The first evidence of such evasive particles emerged a few tens of years ago. However, over the years of intensive scientific studies, researchers have been left with no other proof for these mysterious sterile neutrinos particles because many of the new studies partly contradicted the initial studies’ outcomes.

Now, a thorough advanced physics study appears to demonstrate the presence of sterile neutrinos, whereas other studies keep on pointing out that sterile neutrinos are just a myth and, in fact, they don’t exist. According to some scientists, this is a clear sign that something enigmatic is going on in the Universe and makes different advanced physics studies to come in contradiction with each other.

In the ’90s, at the Los Alamos National Laboratory in New Mexico, the researchers carried out a study and discovered the presence of some puzzling new particles, namely, the sterile neutrinos which possess the astonishing property of traveling through matter with no interplay with it whatsoever.

Unfortunately, no other study was able to yield the same outcomes and, therefore, many scientists called sterile neutrinos a myth.
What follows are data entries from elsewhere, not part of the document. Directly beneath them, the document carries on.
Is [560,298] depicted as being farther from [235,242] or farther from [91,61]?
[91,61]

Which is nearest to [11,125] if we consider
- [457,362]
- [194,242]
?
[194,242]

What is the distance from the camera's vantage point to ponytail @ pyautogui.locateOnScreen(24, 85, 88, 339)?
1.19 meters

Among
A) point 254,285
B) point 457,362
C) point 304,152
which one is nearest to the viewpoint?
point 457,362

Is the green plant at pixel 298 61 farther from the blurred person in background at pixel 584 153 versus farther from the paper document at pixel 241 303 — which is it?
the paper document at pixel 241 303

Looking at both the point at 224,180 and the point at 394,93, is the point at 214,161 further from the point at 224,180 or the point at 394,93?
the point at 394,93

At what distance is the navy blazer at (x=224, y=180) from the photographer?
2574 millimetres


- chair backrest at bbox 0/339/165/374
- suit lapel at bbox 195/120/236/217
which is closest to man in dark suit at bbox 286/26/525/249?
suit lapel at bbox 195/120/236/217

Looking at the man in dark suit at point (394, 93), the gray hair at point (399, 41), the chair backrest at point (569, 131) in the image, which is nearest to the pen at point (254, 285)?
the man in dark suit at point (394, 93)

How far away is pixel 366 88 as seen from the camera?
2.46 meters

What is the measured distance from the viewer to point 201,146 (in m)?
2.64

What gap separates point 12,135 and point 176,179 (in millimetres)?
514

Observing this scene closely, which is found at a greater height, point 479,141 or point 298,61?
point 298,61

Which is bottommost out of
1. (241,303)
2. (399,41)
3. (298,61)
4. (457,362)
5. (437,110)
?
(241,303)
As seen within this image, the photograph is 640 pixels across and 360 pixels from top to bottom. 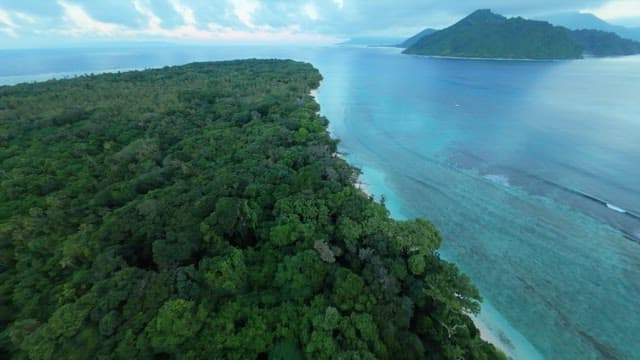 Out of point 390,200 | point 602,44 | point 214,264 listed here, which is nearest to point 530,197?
point 390,200

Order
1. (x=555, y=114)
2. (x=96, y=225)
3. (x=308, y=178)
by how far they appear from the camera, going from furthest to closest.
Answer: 1. (x=555, y=114)
2. (x=308, y=178)
3. (x=96, y=225)

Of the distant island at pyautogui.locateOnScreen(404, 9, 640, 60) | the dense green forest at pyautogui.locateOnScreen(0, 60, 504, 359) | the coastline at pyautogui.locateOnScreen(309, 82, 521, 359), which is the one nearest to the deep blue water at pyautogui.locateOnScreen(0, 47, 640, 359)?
the coastline at pyautogui.locateOnScreen(309, 82, 521, 359)

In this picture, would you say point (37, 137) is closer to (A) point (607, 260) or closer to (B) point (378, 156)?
(B) point (378, 156)

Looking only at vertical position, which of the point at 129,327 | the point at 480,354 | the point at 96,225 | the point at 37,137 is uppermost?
the point at 37,137

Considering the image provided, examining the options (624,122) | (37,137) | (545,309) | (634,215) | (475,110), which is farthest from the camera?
(475,110)

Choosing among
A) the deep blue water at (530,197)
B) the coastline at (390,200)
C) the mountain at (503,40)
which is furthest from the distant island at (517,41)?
the coastline at (390,200)

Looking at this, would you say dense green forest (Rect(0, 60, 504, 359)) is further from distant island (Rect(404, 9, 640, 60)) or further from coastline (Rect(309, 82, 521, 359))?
distant island (Rect(404, 9, 640, 60))

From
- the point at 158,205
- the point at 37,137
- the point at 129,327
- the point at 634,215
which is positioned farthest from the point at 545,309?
the point at 37,137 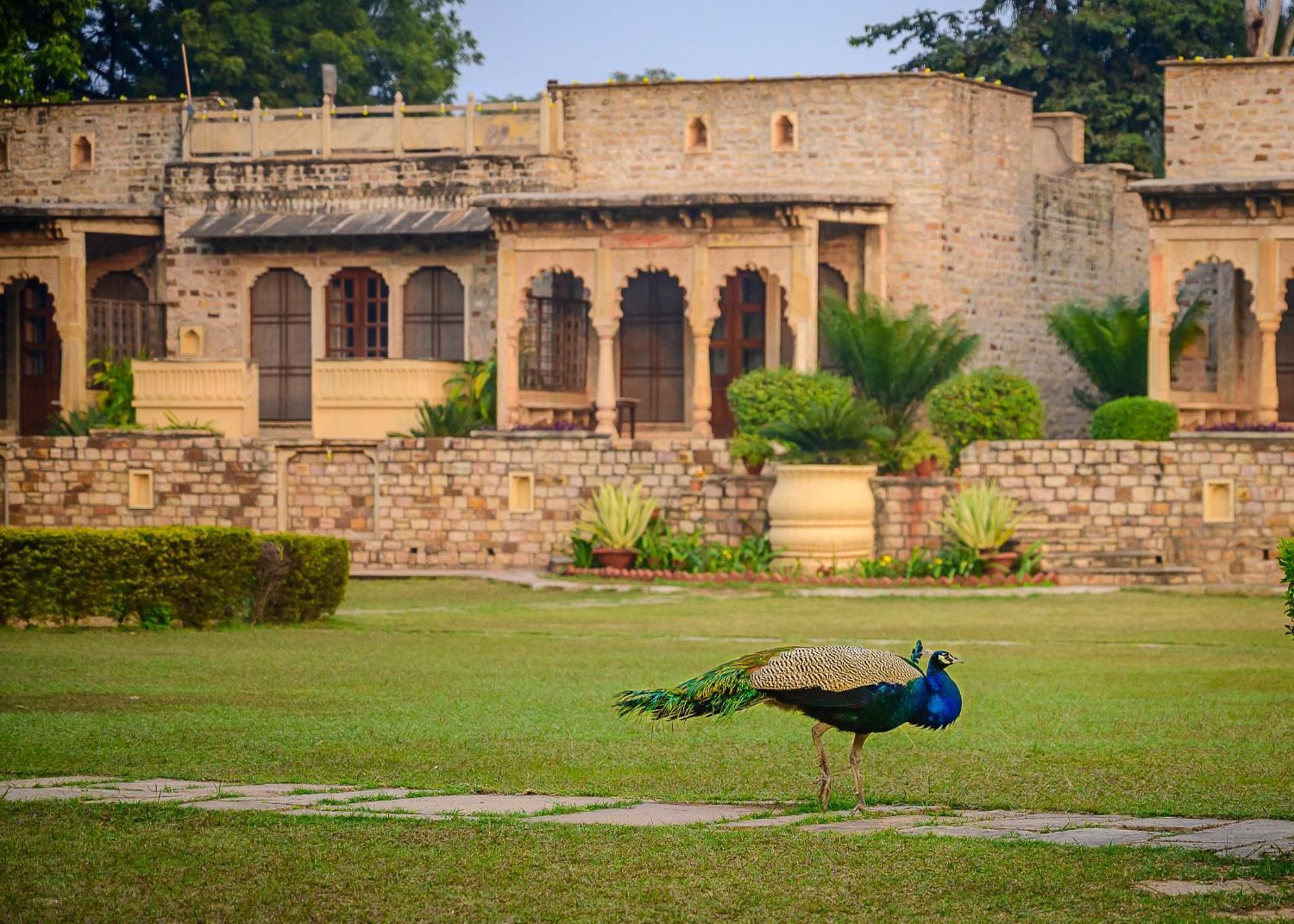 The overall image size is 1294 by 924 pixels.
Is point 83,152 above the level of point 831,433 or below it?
above

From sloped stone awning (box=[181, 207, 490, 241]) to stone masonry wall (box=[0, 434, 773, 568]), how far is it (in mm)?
3966

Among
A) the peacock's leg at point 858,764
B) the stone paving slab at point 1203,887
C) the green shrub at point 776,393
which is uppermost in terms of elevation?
the green shrub at point 776,393

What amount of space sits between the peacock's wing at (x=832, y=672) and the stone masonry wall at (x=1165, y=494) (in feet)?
59.1

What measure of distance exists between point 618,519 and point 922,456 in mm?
4067

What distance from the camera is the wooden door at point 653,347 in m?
32.3

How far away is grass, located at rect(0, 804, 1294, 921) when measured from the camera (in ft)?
22.0

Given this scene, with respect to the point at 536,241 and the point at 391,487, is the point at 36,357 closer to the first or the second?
the point at 391,487

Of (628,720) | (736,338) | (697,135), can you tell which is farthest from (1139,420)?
(628,720)

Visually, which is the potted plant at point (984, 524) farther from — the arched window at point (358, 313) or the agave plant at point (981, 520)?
the arched window at point (358, 313)

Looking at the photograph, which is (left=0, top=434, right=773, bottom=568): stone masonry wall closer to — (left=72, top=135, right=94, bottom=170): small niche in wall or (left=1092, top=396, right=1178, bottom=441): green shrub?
(left=1092, top=396, right=1178, bottom=441): green shrub

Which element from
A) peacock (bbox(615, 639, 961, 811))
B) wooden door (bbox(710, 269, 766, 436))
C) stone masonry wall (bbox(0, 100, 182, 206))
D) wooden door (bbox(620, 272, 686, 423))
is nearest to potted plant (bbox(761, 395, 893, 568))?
wooden door (bbox(710, 269, 766, 436))

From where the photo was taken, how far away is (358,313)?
3334cm

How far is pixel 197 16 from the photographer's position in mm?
40312

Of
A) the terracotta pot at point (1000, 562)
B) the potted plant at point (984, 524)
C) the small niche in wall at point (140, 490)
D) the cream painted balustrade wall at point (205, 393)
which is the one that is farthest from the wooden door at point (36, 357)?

Sterile neutrinos particles might indeed be real

Recently, another advanced physics study called MiniBooNE has found, once again, a trace of the puzzling sterile neutrinos particles, as reported by Live Science.

For the past 50 years, the Standard Model Of Physics, a list of all the known particles that explains how both matter and energy are interacting in the Universe, has been commanding the world of physics.

According to the model, electron, tau, and muon neutrinos have interactions with the matter and, therefore, their detection is doable using some advanced detectors.

But, as Kate Scholberg from the Duke University said on Live Science, the LSND trial produced the first conclusive proof that what humans might be detecting may well not be the complete story.

LSND, as well as MiniBooNE experiment, used neutrinos beams and fired them to a detector concealed in the back of an insulation to suppress the remaining radiations. Afterward, scientists counted up how many sterile neutrinos actually reached the detector.

Both LSND and MiniBooNE trials have yielded similar outcomes, namely, the sterile neutrinos are found in large amounts that the Standard Model predicted.